With respect to the metal hydroxide represented by the general formula (1), M representing the metal element in the formula (1) is A
1, Mg, Ca, Ni, Co, Sn, Zn, Cu, F
e, Ti, B and the like.

As a specific representative example of the metal hydroxide represented by the above formula (1), Al ₂ O ₃ .cH ₂ O (0 <c
≦ 3), MgO · cH ₂ O (0 <c ≦ 1), CaO · c
H ₂ O (0 <c ≦ 1), Ni _b O · cH ₂ O (0.5 <
b ≦ 2, 0 <c ≦ 2, CoO _b · cH ₂ O (1 ≦ b ≦
2,0 <c ≦ 2), PbO _b .cH ₂ O (0.5 ≦ b ≦
2, 0 <c ≦ 2), SnO _b .cH ₂ O (1 ≦ b ≦ 2)
0 <c ≦ 2), ZnO · cH ₂ O (0 <c ≦ 1), Fe
O _b · cH ₂ O (1 ≦ b ≦ 1.5, 0.5 ≦ c ≦ 1.
5), CuO _b .cH ₂ O (0.5 ≦ b ≦ 1, 0 <c ≦
1) and the like. These are used in combination of two or more. In particular, when two or more kinds are used together, it is also effective to use them by mechanically mixing them.

Among the metal hydroxides represented by the general formula (1), a metal hydroxide having a large endothermic energy upon dehydration per unit weight is preferably used. further,
Since it is preferable to use a material that generates endothermicity due to dehydration near the decomposition temperature of the thermosetting resin, MgO · cH ₂ O (0 <c
≦ 1), it is particularly preferable to use Al ₂ O ₃ .cH ₂ O (0 <c ≦ 3).

In the thermal properties of the metal hydroxide represented by the general formula (1), the dehydration start temperature is preferably 200 ° C. or higher. Particularly preferably, the dehydration start temperature is 26.
0 ° C or higher. Incidentally, the dehydration start temperature,
This is a value measured at a heating rate of 10 ° C./min by a thermogravimetric method (measured in the atmosphere) using a thermobalance, and the temperature when the weight loss on heating reaches 5% by weight, and the differential weight loss on heating ( The value obtained by linearly differentiating the heating weight loss with time, that is, the heating weight loss rate) exceeds 0.5% by weight / min, whichever is lower.

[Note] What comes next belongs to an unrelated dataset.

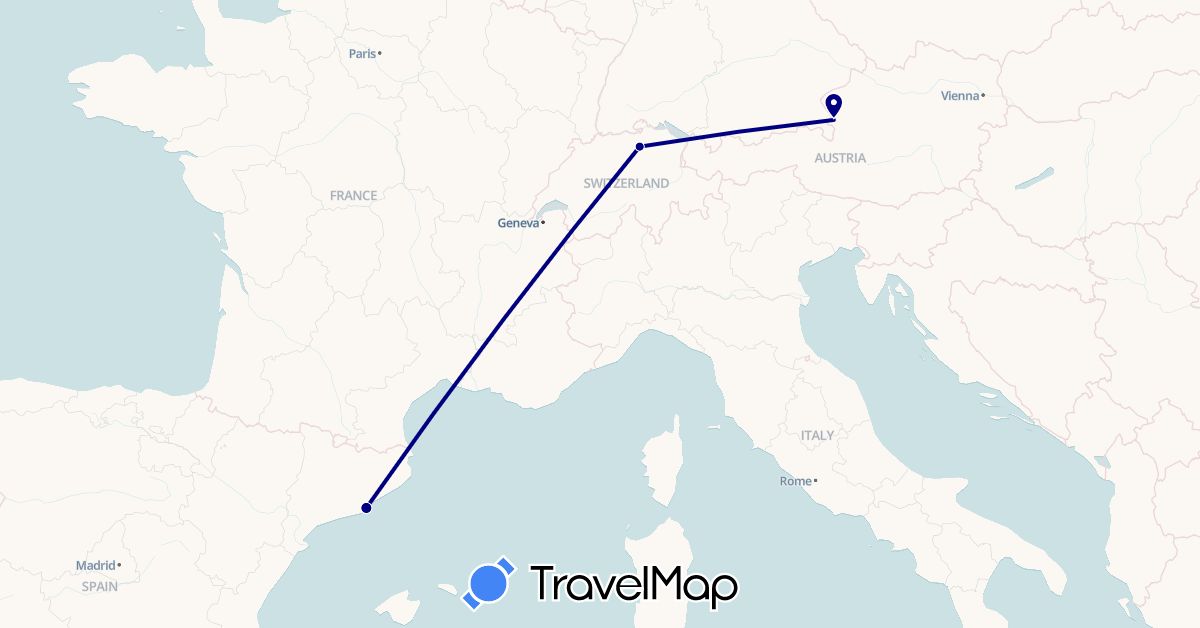 TravelMap itinerary: driving in Austria, Switzerland, Spain (Europe)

Specific representative examples of the silicone compound represented by the general formula (2) include dimethyl silicone oil (SH200, manufactured by Dow Corning Toray Co., Ltd.) and OH silicone oil at both ends (PRX-413; Dow Corning), methylphenyl silicone oil (SH510, manufactured by Dow Corning Toray), methyl hydrogen silicone oil (SH1107, manufactured by Toray
Dow Corning), polyether-modified silicone oil (BY16-005, Dow Corning Toray), alcohol-modified silicone oil (BY16-8)
48, Dow Corning Toray), amino-modified silicone oil (BY16-828, Dow Corning Toray), epoxy-modified silicone oil (SF841)
1, BY16-839, manufactured by Dow Corning Toray),
Carboxy-modified silicone oil (SF8418, BY
16-750, manufactured by Dow Corning Toray), mercapto-modified silicone oil (BY16-838, manufactured by Dow Corning Toray), and the like. These may be used alone or in combination of two or more. Above all, a silicone compound having a functional group such as an OH group or an H group is preferably used because it reacts and adheres to the surface of the metal hydroxide to form a strong water-repellent film.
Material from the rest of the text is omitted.